🤖 AI Summary
This work addresses the limitations of existing score approximation theories for diffusion models, which rely on strong smoothness assumptions and struggle with irregular structures in real-world data—such as singularities, sharp boundaries, and disconnected clusters. The authors propose a discrete mixture formulation and establish a universal score approximation theorem applicable to any compactly supported distribution. They prove that ReLU networks whose complexity depends only on the Minkowski dimension \(d\) of the support set suffice to accurately approximate the score function. This approach overcomes the traditional exponential dependence on ambient dimension and, for the first time, achieves dimension-aware score approximation without assuming smooth manifolds or Lipschitz densities. The result theoretically substantiates the inherent adaptability of diffusion models to non-smooth and irregular data structures, providing a rigorous foundation for their remarkable generative capabilities.
📝 Abstract
The remarkable success of score-based diffusion models has spurred significant efforts to establish their theoretical foundations.
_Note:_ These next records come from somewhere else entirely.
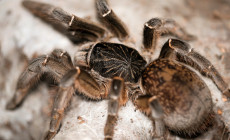 Ceratogyrus meridionalis – ptasznik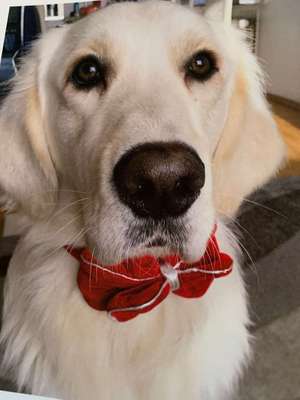 Dein Hund im Dogorama-Kalender 2021-Beitrag-Bild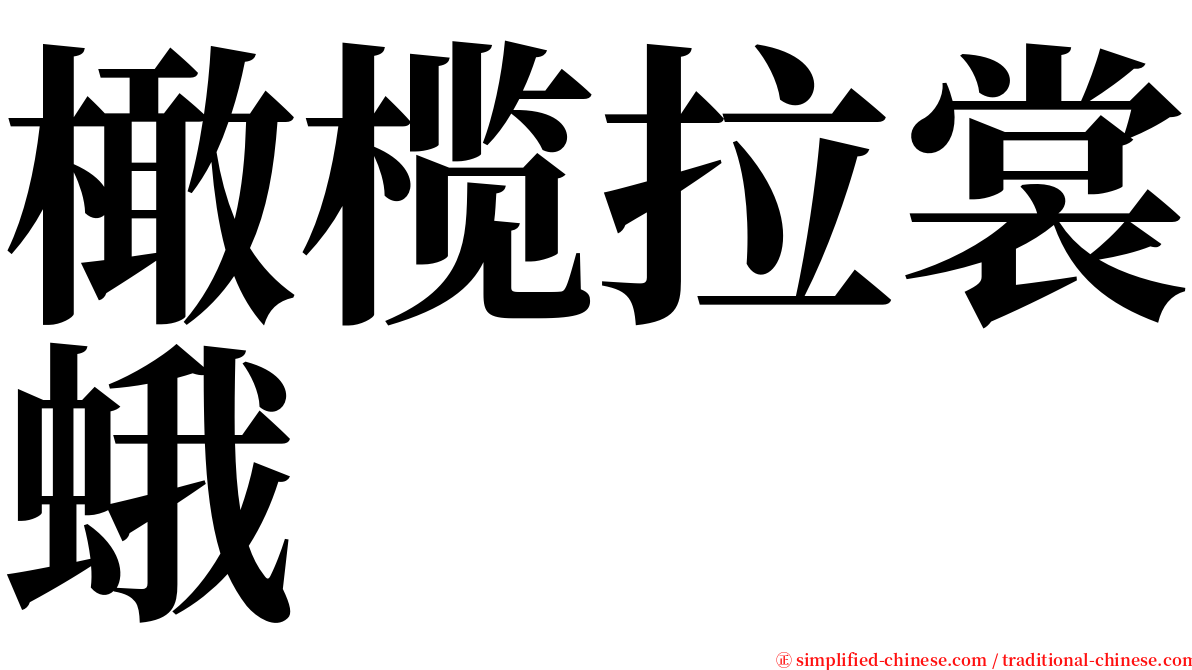 橄榄拉裳蛾 serif font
However, existing complexity bounds for score approximation rely heavily on restrictive assumptions like Lipschitz continuous densities or smooth manifold supports, which are routinely violated by the singularities, sharp boundaries, and disjoint clusters inherent to real-world perceptual data. This work establishes a universal score approximation theorem that works for any distribution supported on any compact set of upper Minkowski dimension $d$. Using a novel discrete-mixture formulation, we prove that the score function can be approximated with a ReLU network whose complexity grows exponentially only with $d$, thus breaking the exponential curse of ambient dimensionality. Combined with existing theories on accurately solving the backward diffusion SDE for arbitrary compact distributions, our work shows that diffusion models readily adapt to irregular, non-smooth data structures, explaining their competence in real-world generative tasks.